DATA FOR THIS EXERCISE
Segment Open

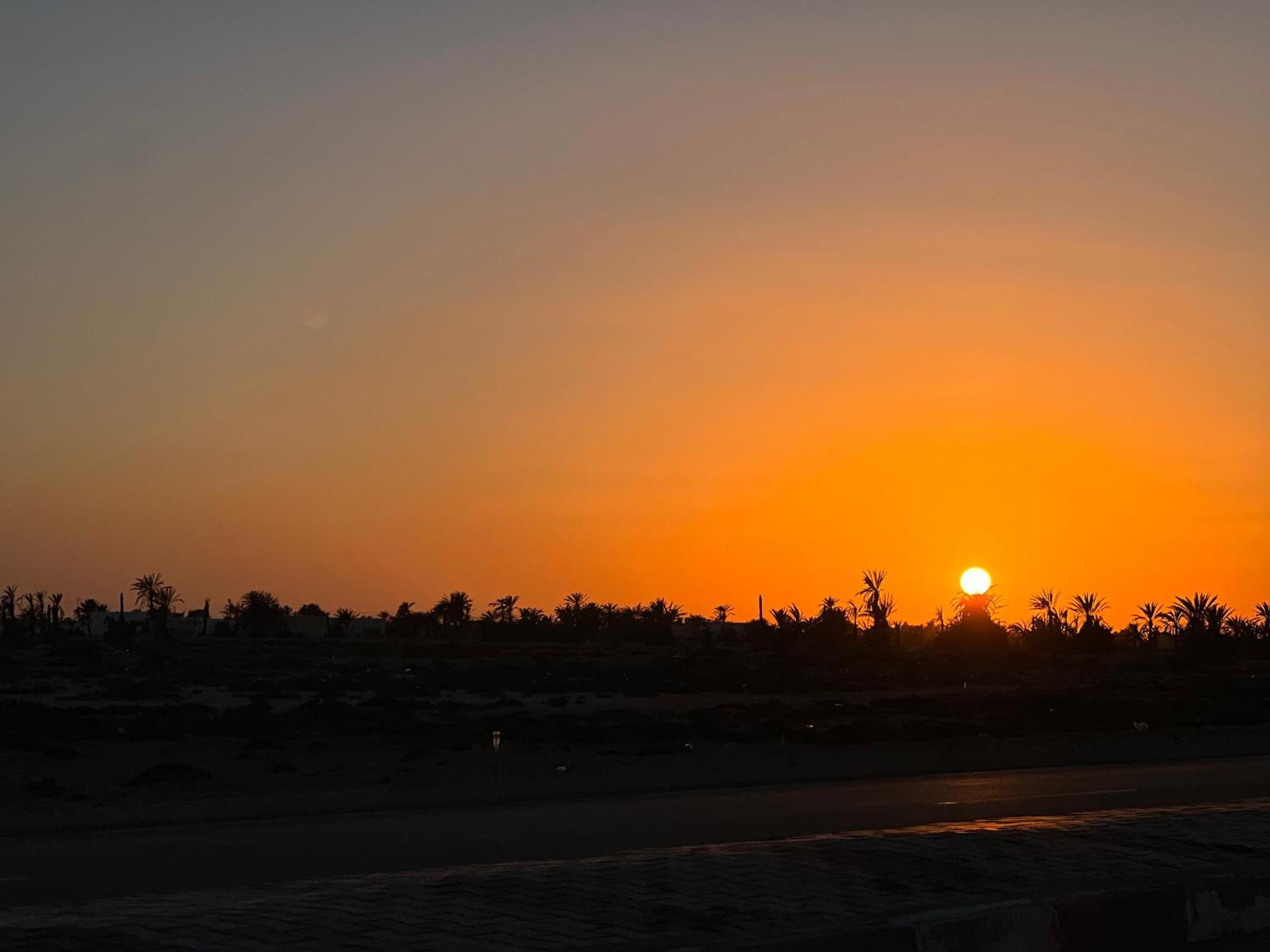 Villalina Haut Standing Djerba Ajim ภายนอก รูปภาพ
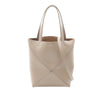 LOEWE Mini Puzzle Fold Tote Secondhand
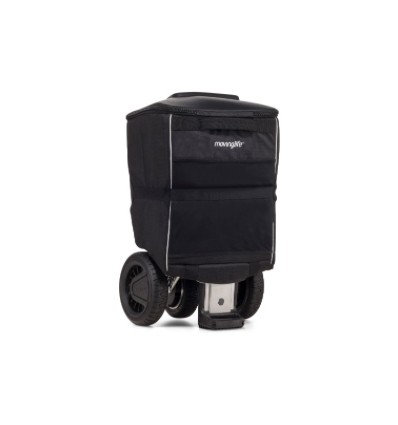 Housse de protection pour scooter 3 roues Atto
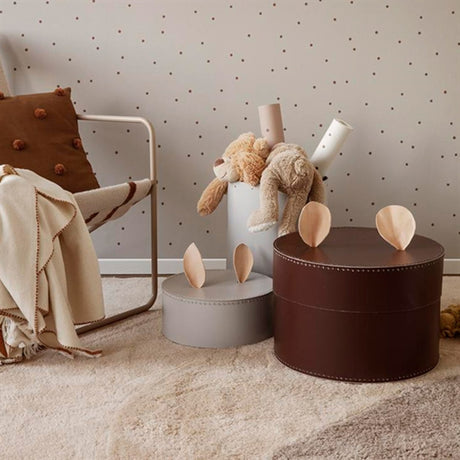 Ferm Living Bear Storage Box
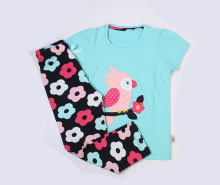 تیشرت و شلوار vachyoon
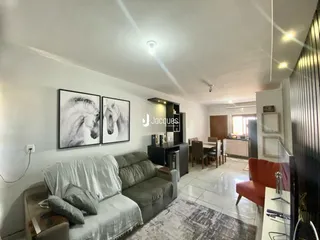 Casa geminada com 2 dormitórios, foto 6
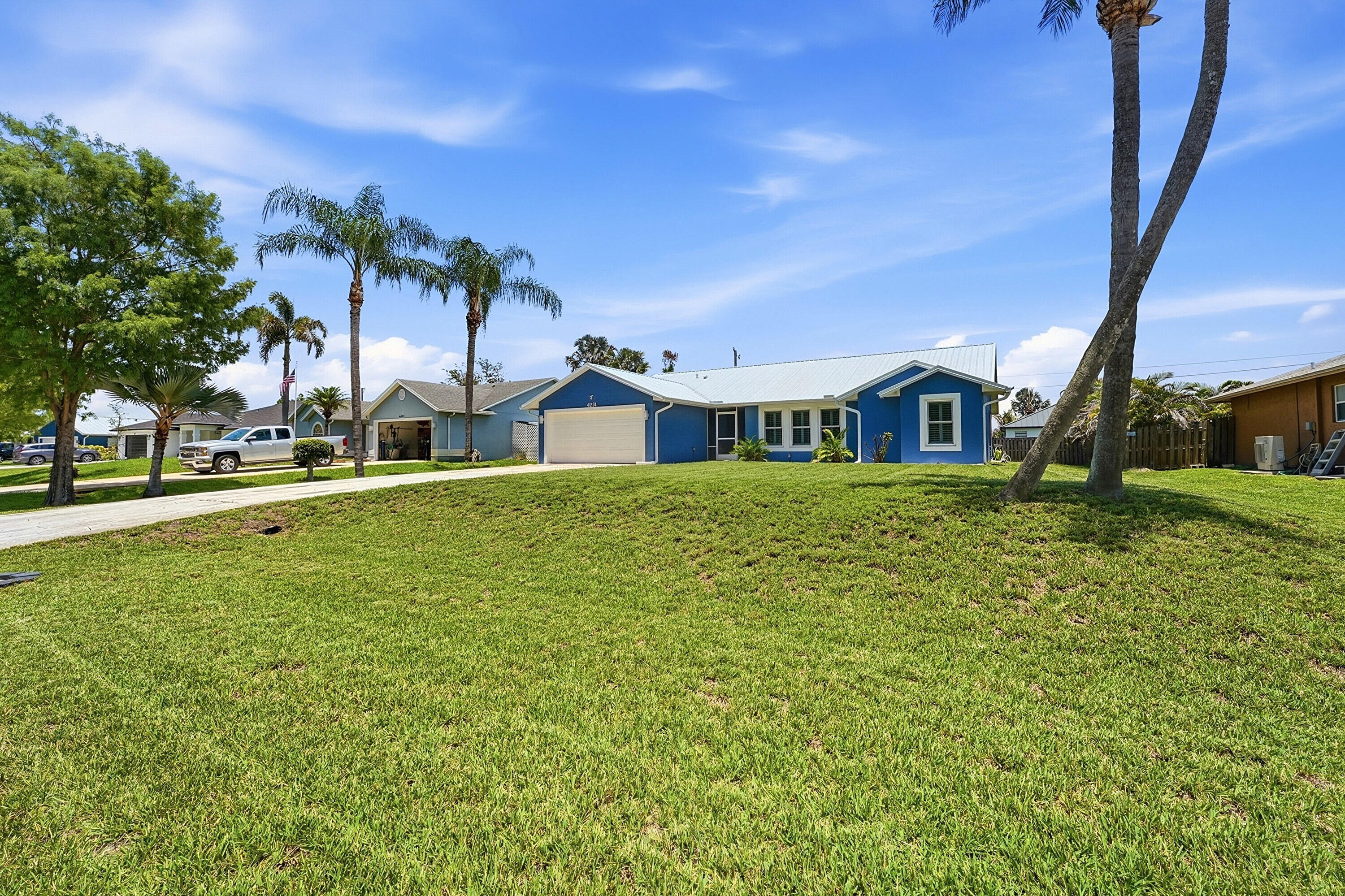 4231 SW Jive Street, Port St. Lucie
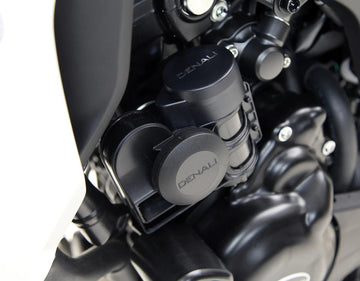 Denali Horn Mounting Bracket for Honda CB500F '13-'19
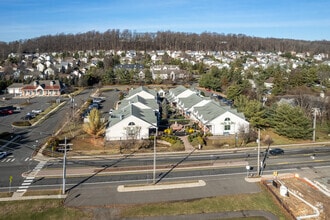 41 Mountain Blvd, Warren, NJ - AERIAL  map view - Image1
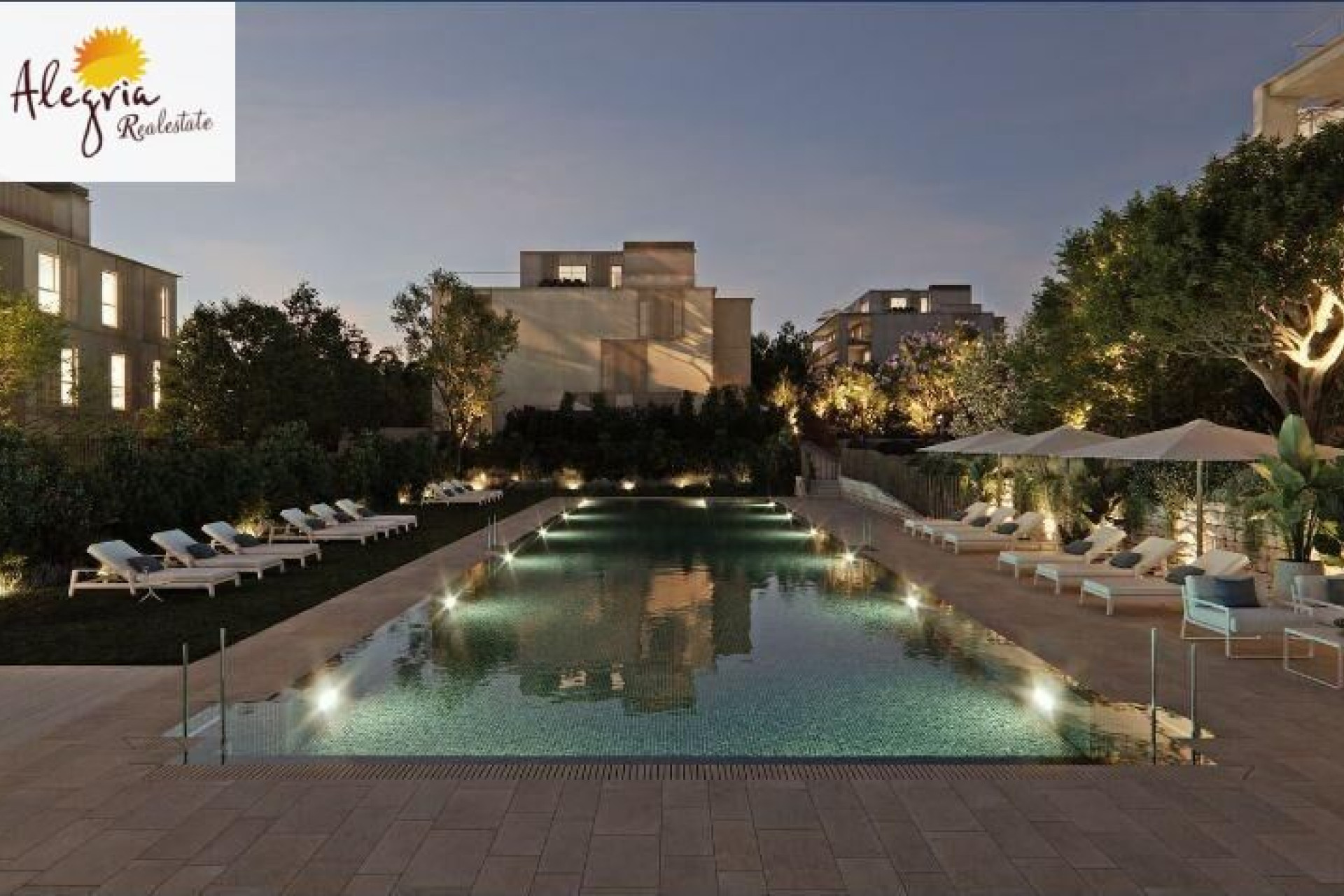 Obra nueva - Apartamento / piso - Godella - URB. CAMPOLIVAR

Segment Closed

TASK DETAILS
Word for word, return the material above, but drop the pictures.

RESPONSE TO THE TASK
 Villalina Haut Standing Djerba Ajim ภายนอก รูปภาพ
 LOEWE Mini Puzzle Fold Tote Secondhand
 Housse de protection pour scooter 3 roues Atto
 Ferm Living Bear Storage Box
 تیشرت و شلوار vachyoon
 Casa geminada com 2 dormitórios, foto 6
 4231 SW Jive Street, Port St. Lucie
 Denali Horn Mounting Bracket for Honda CB500F '13-'19
 41 Mountain Blvd, Warren, NJ - AERIAL  map view - Image1
 Obra nueva - Apartamento / piso - Godella - URB. CAMPOLIVAR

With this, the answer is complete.